▶ _PROBLEM REQUIREMENTS_
The finished copy must match the records exactly, except that it contains no pictures.

▶ _RECORD EXTRACTS_
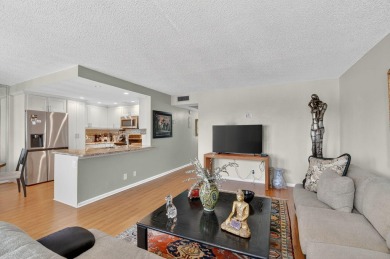 Lake Condo For Sale in Boca Raton, Florida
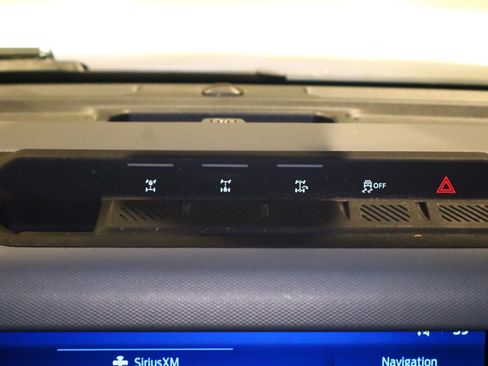 Used 2023 Ford Bronco Everglades image 24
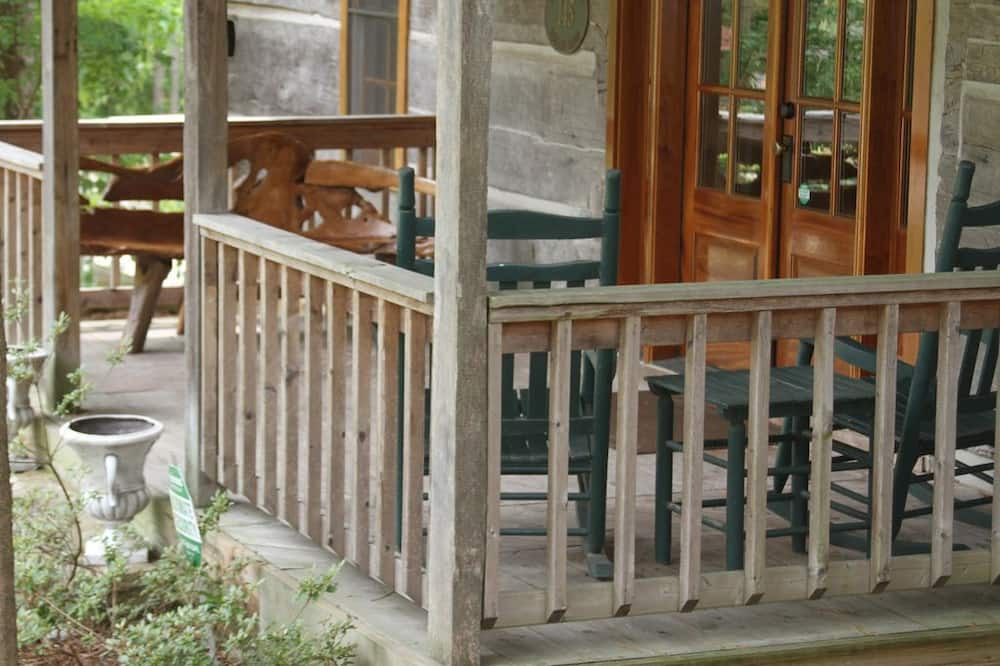 Photo of Patio Balcony in Guntersville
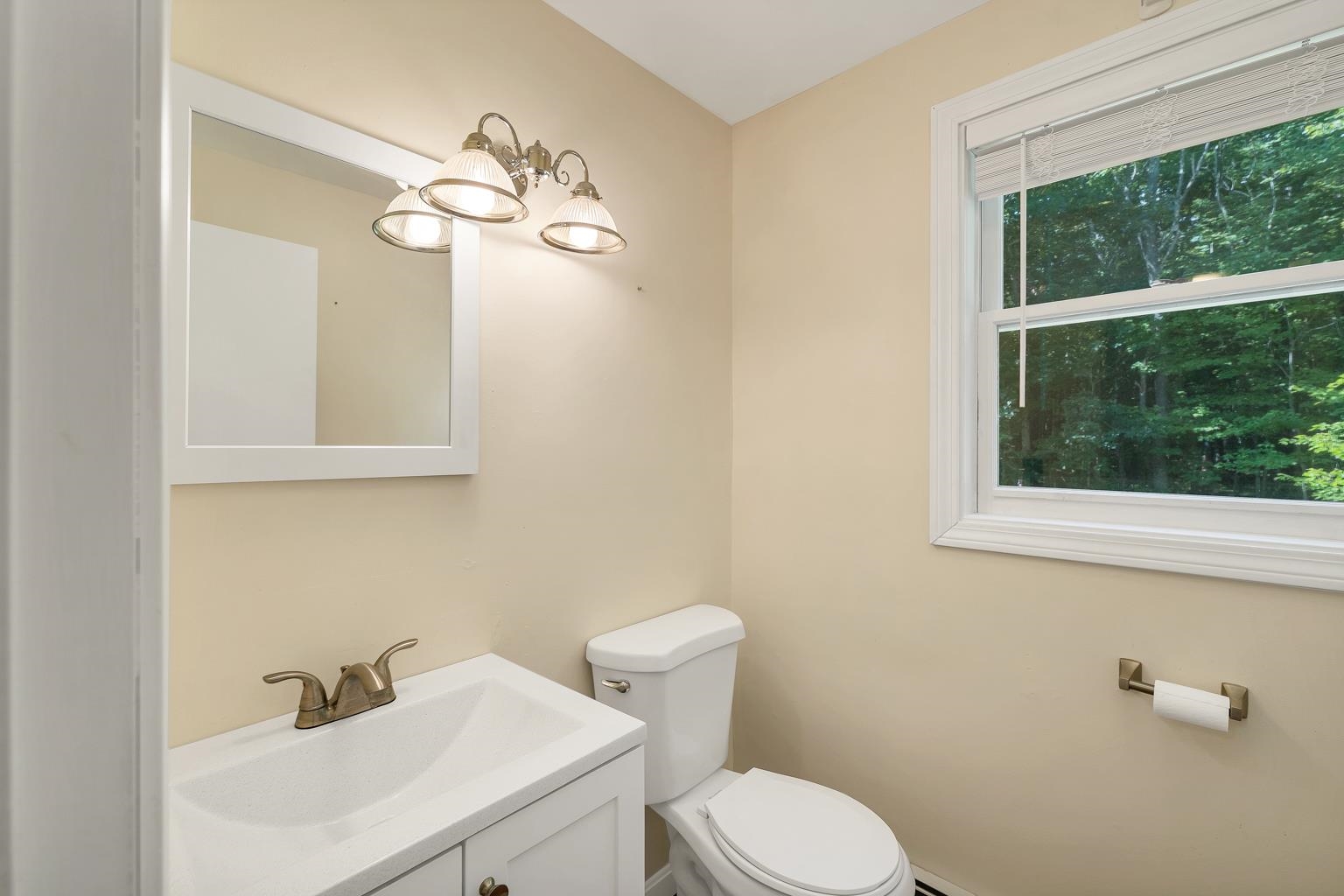 330 Academy Road Property Photo 15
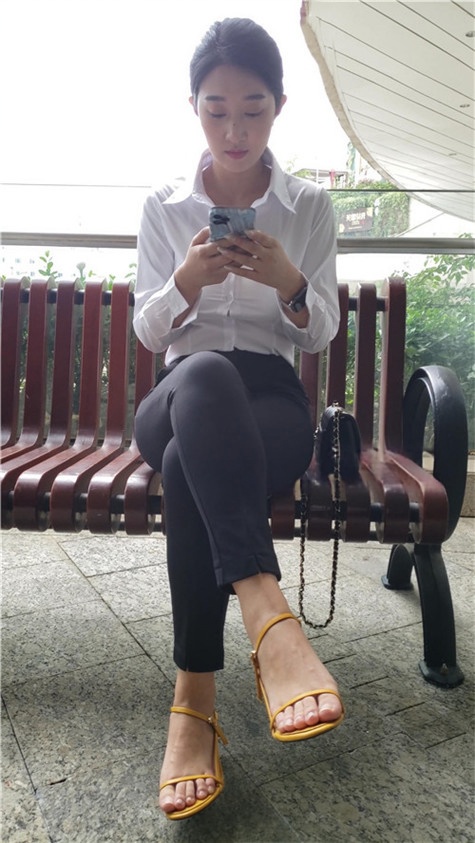 （视频）尽在无言 [16.34G/MP4] 在无言 (976P)[12.89G/JPG]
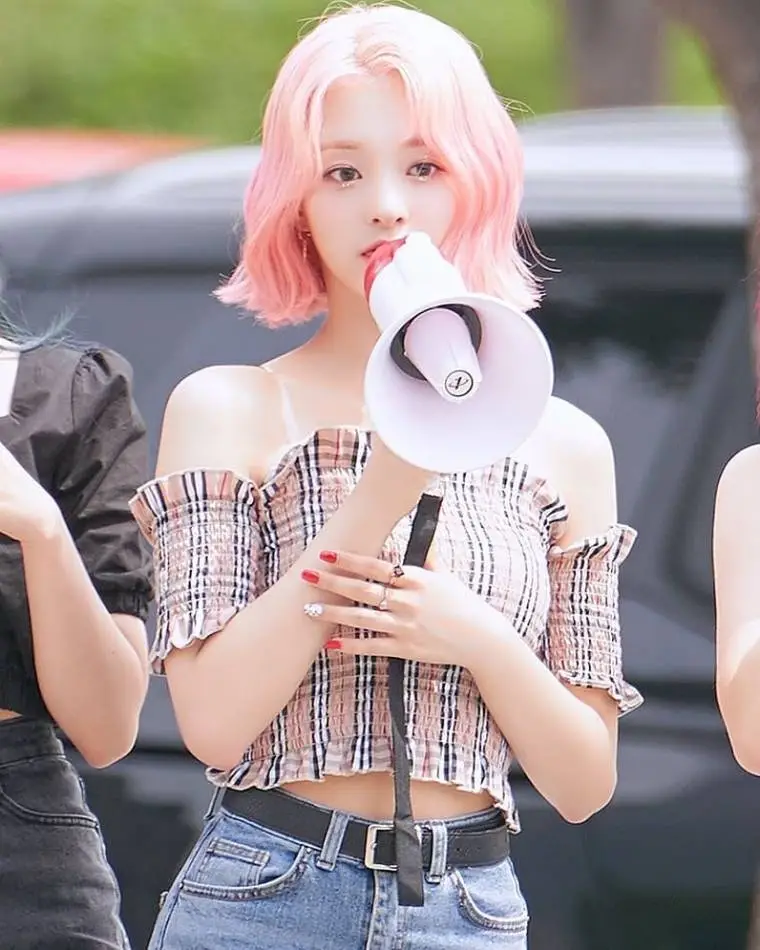 프로미스나인 (fromis_9) 이나경 미니 팬미팅.jpg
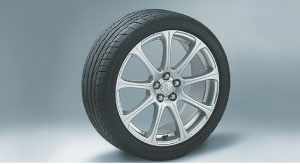 18 inch aluminum wheel &amp\; tire set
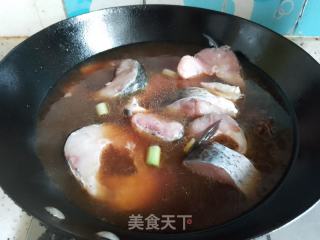 白烧年夜鱼块的做法步调：5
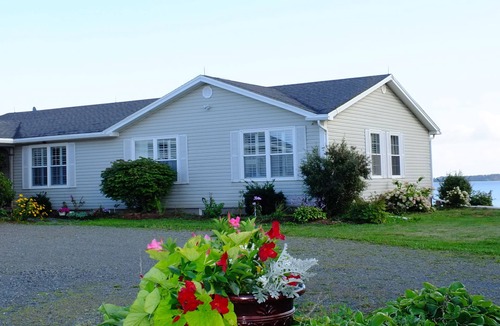 Vernon Bridge House | BLUEWATERS RETREAT VACATION HOME
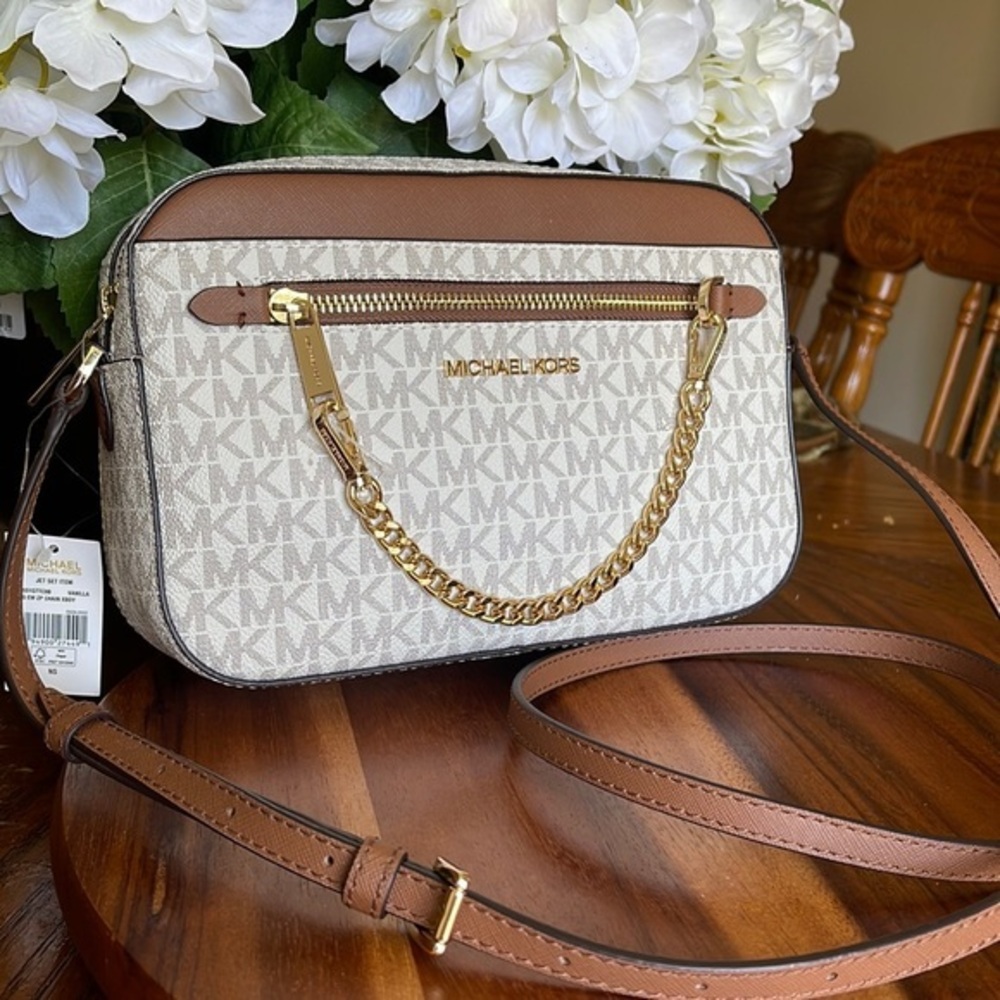 MICHAEL Kors Jet Set Large Logo Crossbody Bag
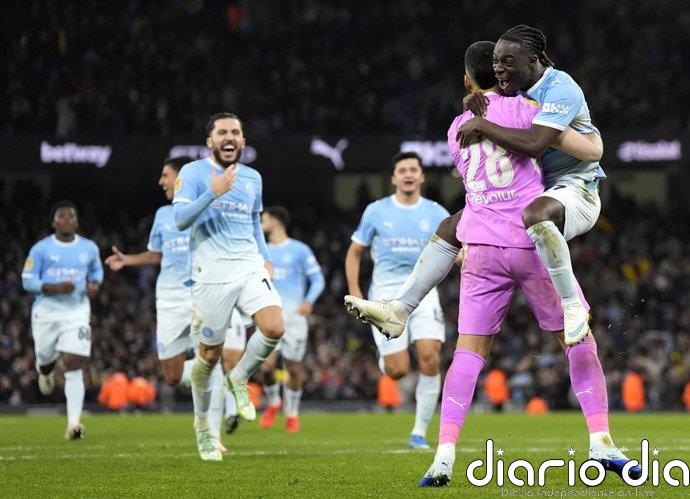 Manchester City y Liverpool avanzan en la Carabao Cup con penaltis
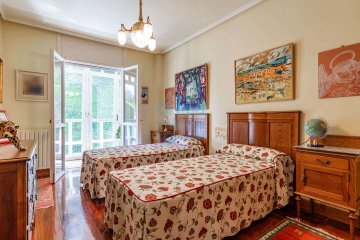 Foto 17 de Magnífico dúplex con vistas a La Concha y terraza exclusiva a la venta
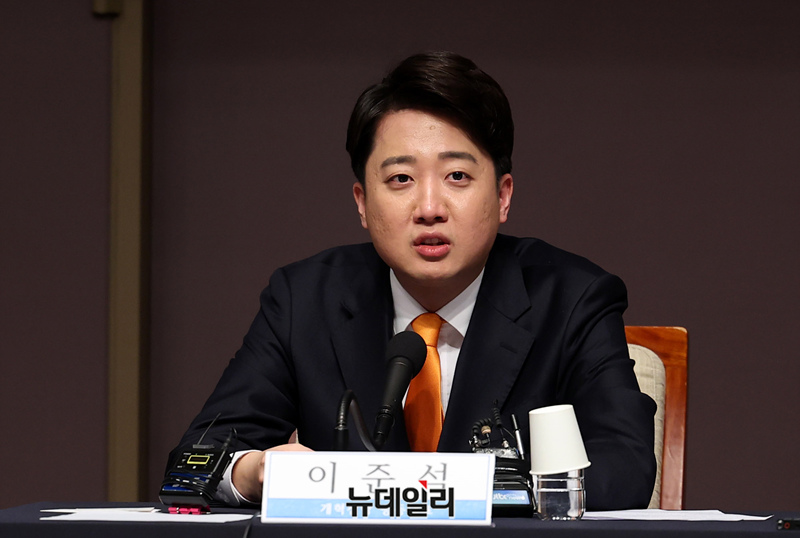 ▲ 이준석 개혁신당 공동대표가 19일 서울 중구 한국프레스센터에서 열린 관훈토론회에서 질의에 답하고 있다. ⓒ정상윤 기자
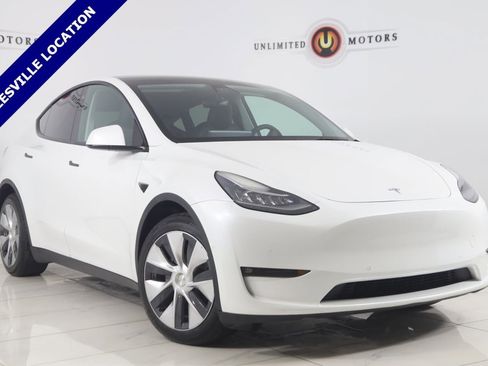 Used 2021 Tesla Model Y Long Range image 1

▶ _ANSWER TO THE PROBLEM_
 Lake Condo For Sale in Boca Raton, Florida
 Used 2023 Ford Bronco Everglades image 24
 Photo of Patio Balcony in Guntersville
 330 Academy Road Property Photo 15
 （视频）尽在无言 [16.34G/MP4] 在无言 (976P)[12.89G/JPG]
 프로미스나인 (fromis_9) 이나경 미니 팬미팅.jpg
 18 inch aluminum wheel &amp\; tire set
 白烧年夜鱼块的做法步调：5
 Vernon Bridge House | BLUEWATERS RETREAT VACATION HOME
 MICHAEL Kors Jet Set Large Logo Crossbody Bag
 Manchester City y Liverpool avanzan en la Carabao Cup con penaltis
 Foto 17 de Magnífico dúplex con vistas a La Concha y terraza exclusiva a la venta
 ▲ 이준석 개혁신당 공동대표가 19일 서울 중구 한국프레스센터에서 열린 관훈토론회에서 질의에 답하고 있다. ⓒ정상윤 기자
 Used 2021 Tesla Model Y Long Range image 1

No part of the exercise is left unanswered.